Interpreting models
The purpose of this vignette is to show how to generate explanations from SDeMo models, using partial responses and Shapley values.
using SpeciesDistributionToolkit
using PrettyTables
using CairoMakieWe will work on the demo data:
X, y, C = SDeMo.__demodata()
sdm = SDM(RawData, Logistic, X, y)
variables!(sdm, [1, 12])
hyperparameters!(classifier(sdm), :interactions, :self)
hyperparameters!(classifier(sdm), :η, 1e-4)
hyperparameters!(classifier(sdm), :epochs, 10_000)
train!(sdm)☑️ RawData → Logistic → P(x) ≥ 0.496We start by generating a partial response curve:
prx, pry = partialresponse(sdm, 1, LinRange(5.0, 15.0, 100); threshold = false);Note that we use threshold=false to make sure that we look at the score that is returned by the classifier, and not the thresholded version (i.e. presence/absence).

Code for the figure
f = Figure()
ax = Axis(f[1, 1]; xlabel = "BIO1", ylabel = "Partial response")
lines!(ax, prx, pry; color = :black)We can also show the response surface using two variables:
prx, pry, prz = partialresponse(sdm, variables(sdm)[1:2]..., (50, 50); threshold = false);Note that the last element returned in this case is a two-dimensional array, as it makes sense to visualize the result as a heatmap. Although the idea of a the partial response curves generalizes to more than two dimensions, it is not supported by the package.

Code for the figure
f = Figure()
ax = Axis(f[1, 1]; xlabel = "BIO$(variables(sdm)[1])", ylabel = "BIO$(variables(sdm)[2])")
cm = heatmap!(prx, pry, prz; colormap = :Greys, colorrange = (0, 1))
Colorbar(f[1, 2], cm)Inflated partial responses replace the average value by other values drawn from different quantiles of the variables:

Code for the figure
f = Figure()
ax = Axis(f[1, 1])
prx, pry = partialresponse(sdm, 1; inflated = false, threshold = false)
for i in 1:200
ix, iy = partialresponse(sdm, 1; inflated = true, threshold = false)

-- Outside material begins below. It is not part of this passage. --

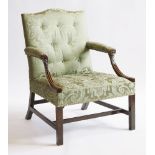 A George III mahogany Gainsborough or library chair,upholstered in green damask, the downswept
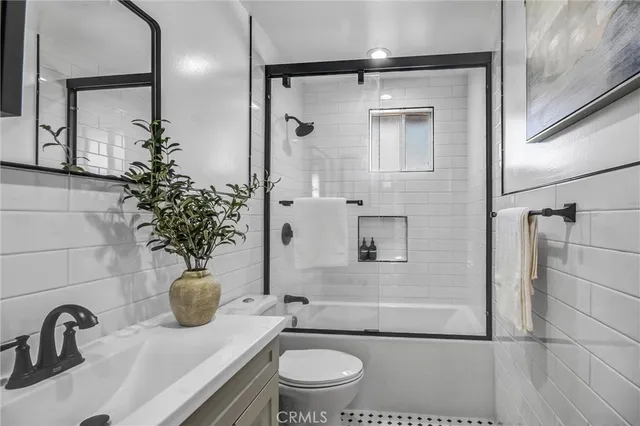 a bathroom with a granite countertop sink a toilet and shower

lines!(ax, ix, iy; color = (:grey, 0.2))
end
lines!(ax, prx, pry; color = :black, linewidth = 4)We can perform the (MCMC version of) Shapley values measurement, using the explain method:
[explain(sdm, v; observation = 3, threshold = false) for v in variables(sdm)]2-element Vector{Float64}:
0.3875161476109386
-0.052887193362686664These values are returned as the effect of this variable's value on the average prediction for this observation.

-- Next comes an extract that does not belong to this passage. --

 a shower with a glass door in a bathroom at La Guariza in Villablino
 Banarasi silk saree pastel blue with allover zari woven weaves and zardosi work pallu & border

We can also produce a figure that looks like the partial response curve, by showing the effect on a variable on each training instance:

Code for the figure
f = Figure()
ax = Axis(f[1, 1]; xlabel = "BIO1", ylabel = "Effect on the average prediction")

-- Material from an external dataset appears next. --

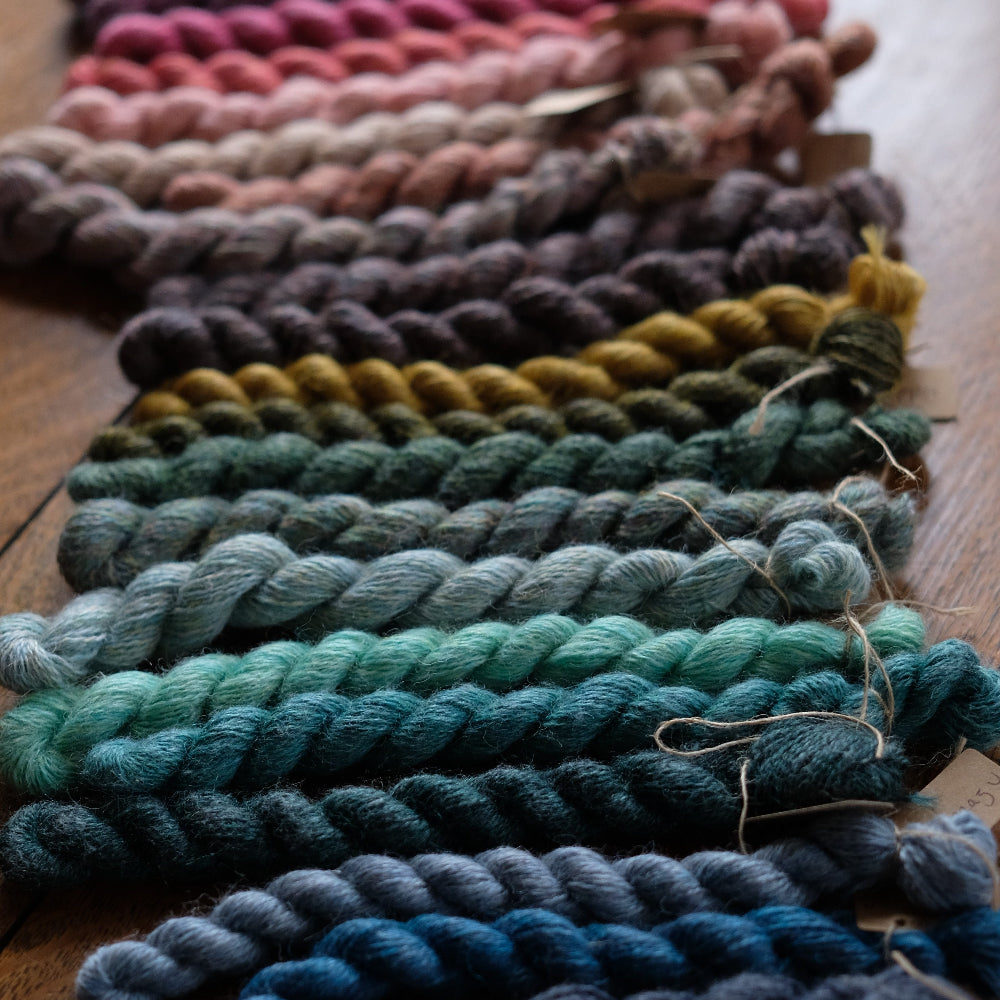 Row of colorful yarn skeins on a wooden surface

scatter!(ax, features(sdm, 1), explain(sdm, 1; threshold = false))Related documentation
SDeMo.explain Function
explain(model::AbstractSDM, j; observation = nothing, instances = nothing, samples = 100, kwargs..., )Uses the MCMC approximation of Shapley values to provide explanations to specific predictions. The second argument j is the variable for which the explanation should be provided.
The observation keywords is a row in the instances dataset for which explanations must be provided. If instances is nothing, the explanations will be given on the training data.
All other keyword arguments are passed to predict.